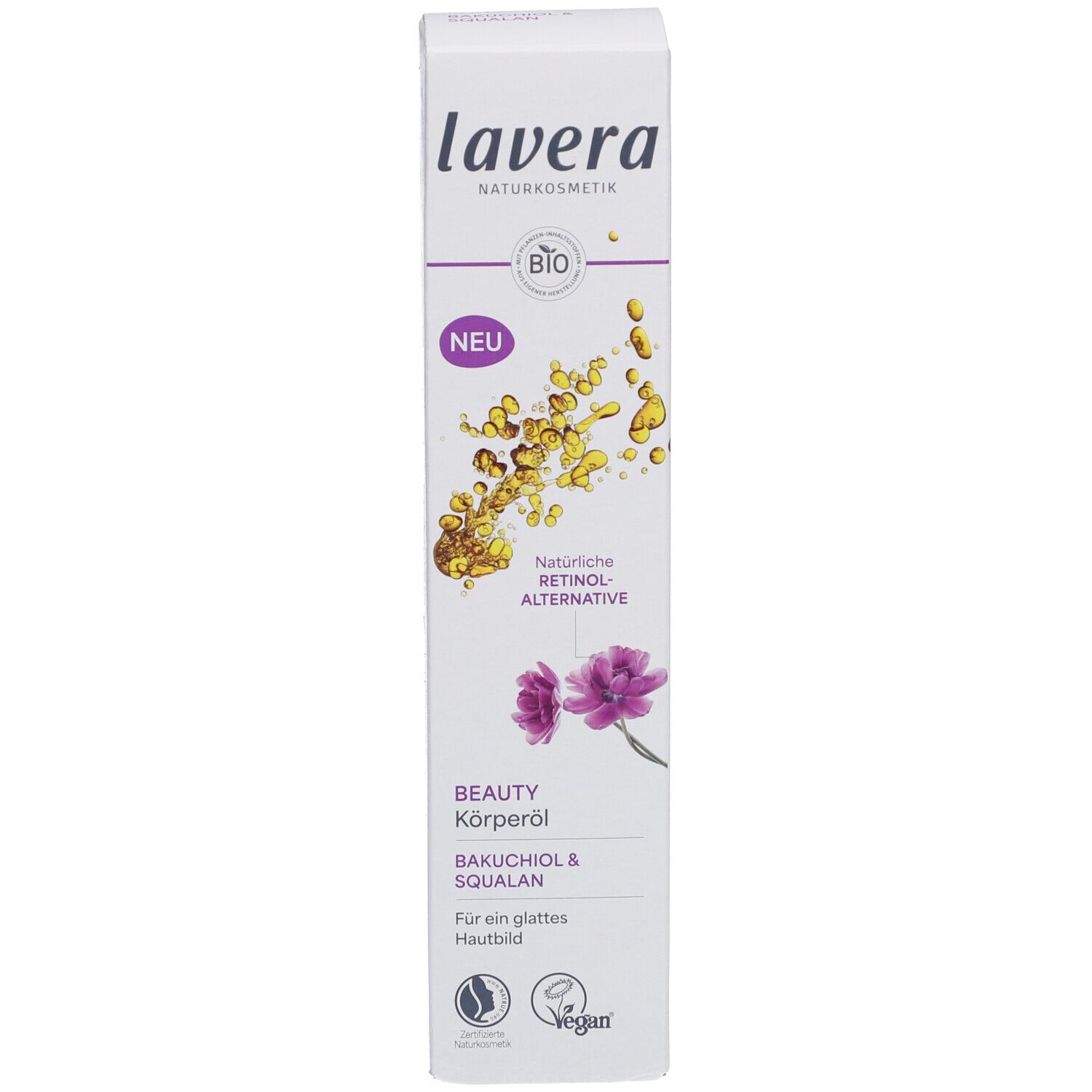 Verpackung für Körperöl. Logo, Produktname und Inhaltsstoffe. BIO-Siegel. Aufdruck: Natürliche Retinol-Alternative.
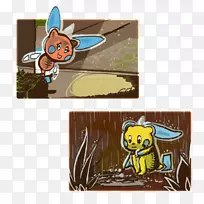 卡通动物-雨天-空若网 卡通动物-雨天-空若网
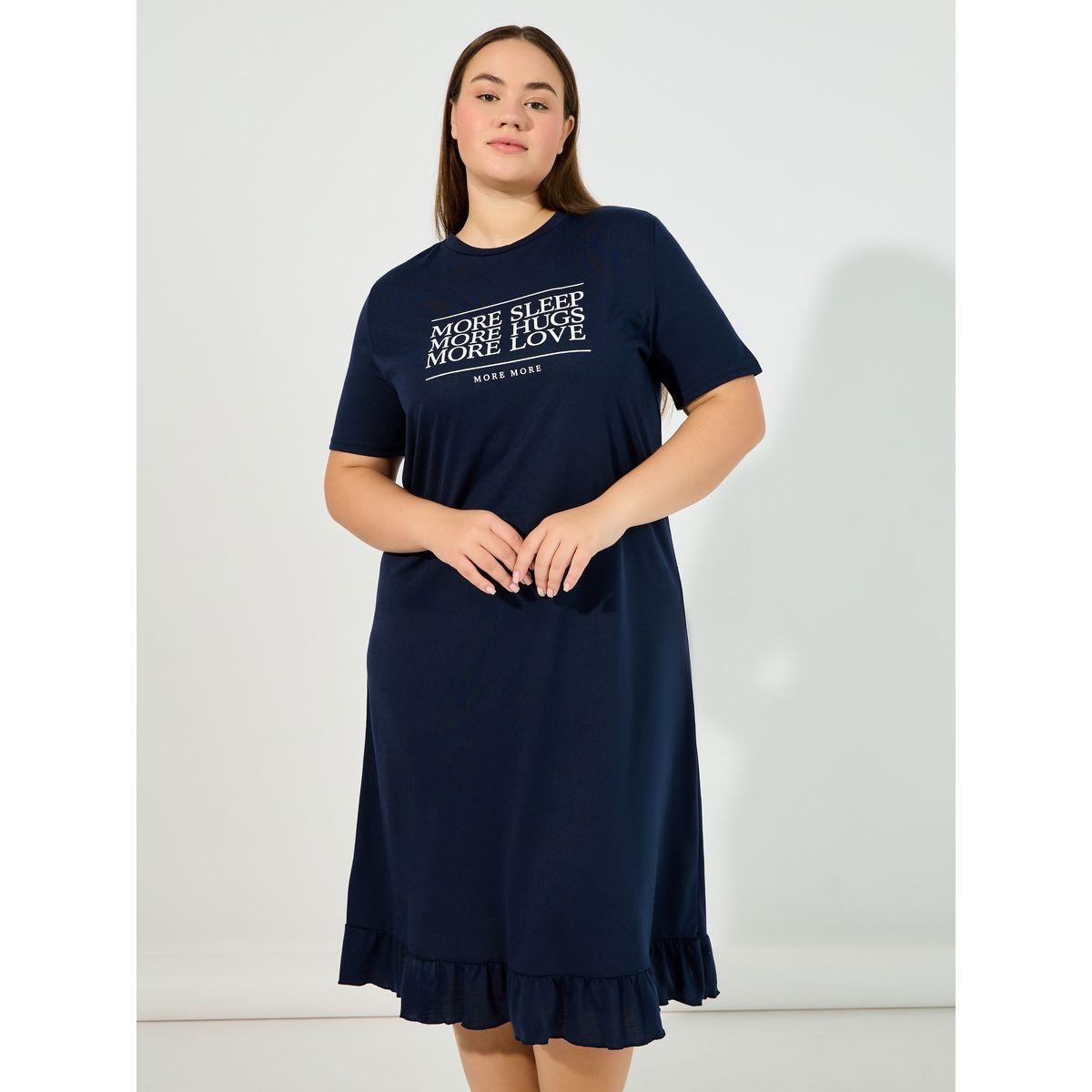 Styli Unwind Plus Size Bonjour Slogan Ruffle Hem Sleep T-Shirt Dress-women-clothing-nightwear-nighties-image-2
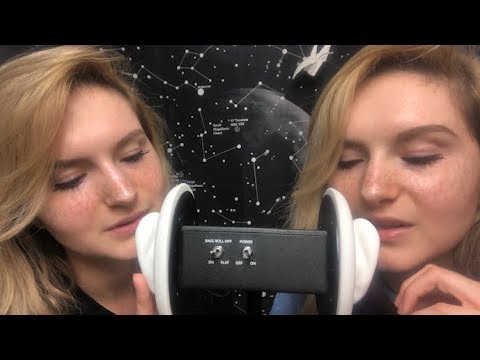 Twin ASMR ~ Kisses, Inaudible Whispers, Mouth Sounds, Ear Massage, and Brushing!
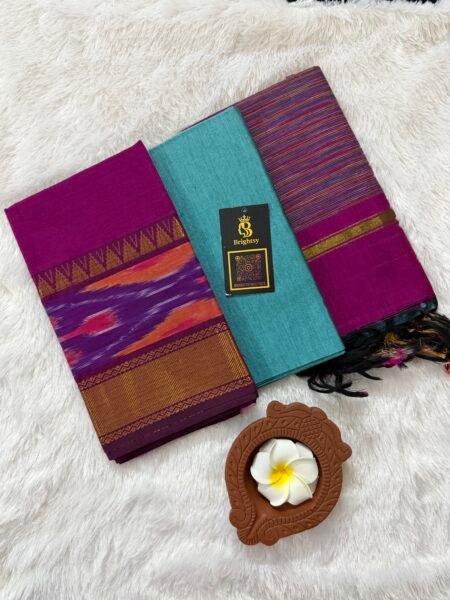 Pochampally Sico Silk Set- Festive Magenta & Sea Green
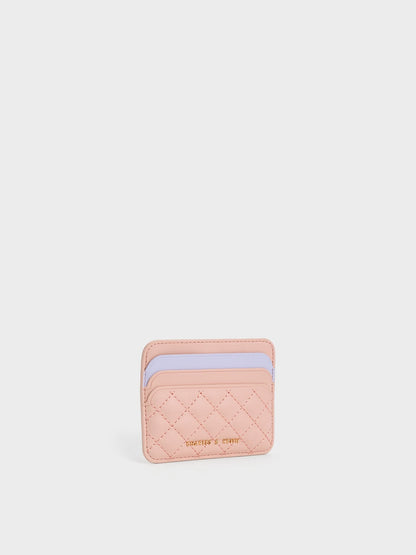 CHARLES & KEITH Quality / Cleo Two-Tone Quilted Card Holder - Pink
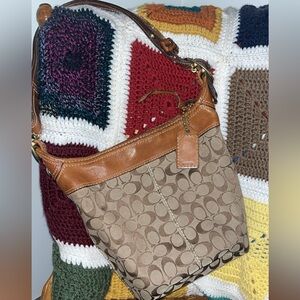 Vintage Coach brown bucket tote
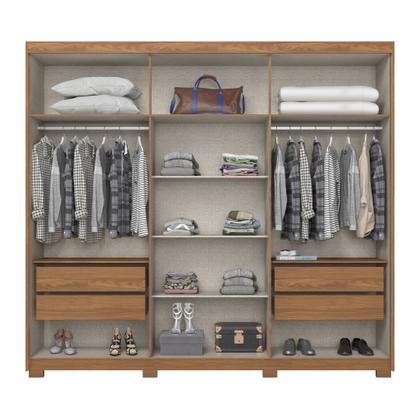 Imagem de Guarda-roupa Casal 6 Portas 4 Gavetas com Espelho Nathaniel Espresso Móveis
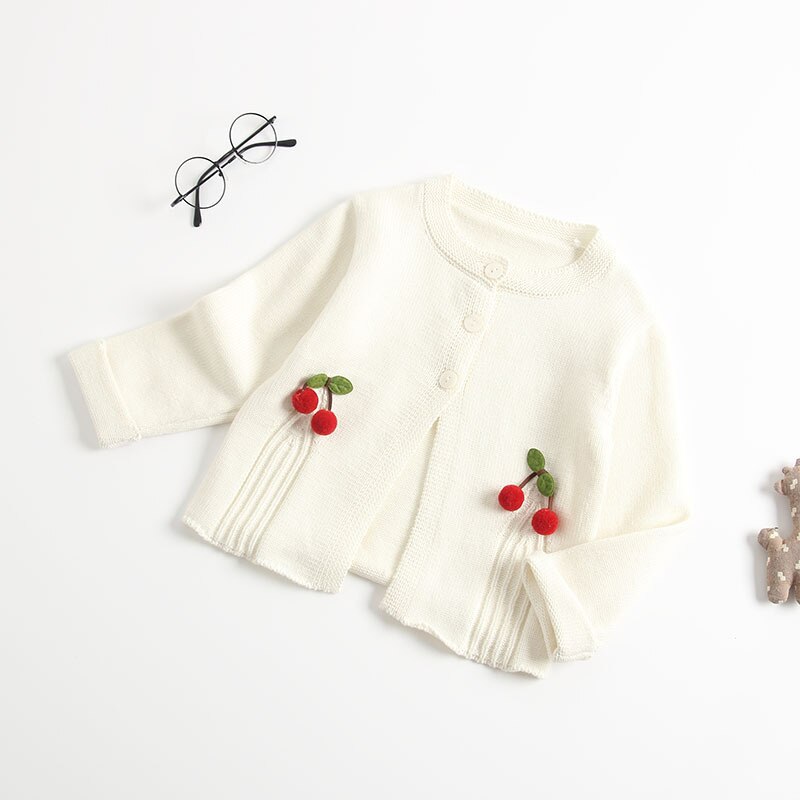 Cárdigan tejido para bebé niña invierno cálido recién nacido sudaderas infantiles cereza manga larga con capucha chaqueta niños ropa trajes: white / 3 años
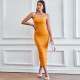 Solid Color Wrap Chest Slim Midi Dress GYSQ-CDCJ0610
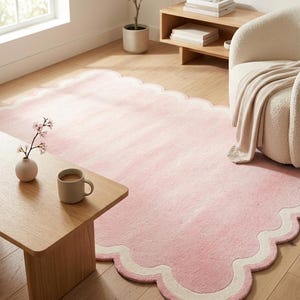 Blush Pink Scalloped Rug | Modern 3D Sculpted Area Rug for Nursery or Aesthetic Bedroom | Soft Pastel Wavy Edge Floor Decor image 10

★ ★ ★

§ What to do
The answer must consist solely of the lines from the first line of the data through the line containing "Vintage Coach brown bucket tote", inclusive, reproduced exactly and without pictures.

§ Result below
 Verpackung für Körperöl. Logo, Produktname und Inhaltsstoffe. BIO-Siegel. Aufdruck: Natürliche Retinol-Alternative.
 卡通动物-雨天-空若网 卡通动物-雨天-空若网
 Styli Unwind Plus Size Bonjour Slogan Ruffle Hem Sleep T-Shirt Dress-women-clothing-nightwear-nighties-image-2
 Twin ASMR ~ Kisses, Inaudible Whispers, Mouth Sounds, Ear Massage, and Brushing!
 Pochampally Sico Silk Set- Festive Magenta & Sea Green
 CHARLES & KEITH Quality / Cleo Two-Tone Quilted Card Holder - Pink
 Vintage Coach brown bucket tote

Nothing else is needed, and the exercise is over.